▶ _EXERCISE DETAILS_:
From the line that includes "Balcony with a" to the closing line of the data, please transcribe every line exactly and add nothing.

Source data
___
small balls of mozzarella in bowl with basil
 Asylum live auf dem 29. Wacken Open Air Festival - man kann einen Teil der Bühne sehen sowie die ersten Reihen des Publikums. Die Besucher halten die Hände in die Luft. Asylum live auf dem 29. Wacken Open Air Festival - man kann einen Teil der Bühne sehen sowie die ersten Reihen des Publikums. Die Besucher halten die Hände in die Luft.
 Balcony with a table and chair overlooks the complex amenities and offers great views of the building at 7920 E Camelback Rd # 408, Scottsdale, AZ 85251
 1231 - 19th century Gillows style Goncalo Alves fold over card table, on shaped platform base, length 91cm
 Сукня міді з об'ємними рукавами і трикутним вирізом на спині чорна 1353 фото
___
▶ _RESULT OF THIS EXERCISE_:
 Balcony with a table and chair overlooks the complex amenities and offers great views of the building at 7920 E Camelback Rd # 408, Scottsdale, AZ 85251
 1231 - 19th century Gillows style Goncalo Alves fold over card table, on shaped platform base, length 91cm
 Сукня міді з об'ємними рукавами і трикутним вирізом на спині чорна 1353 фото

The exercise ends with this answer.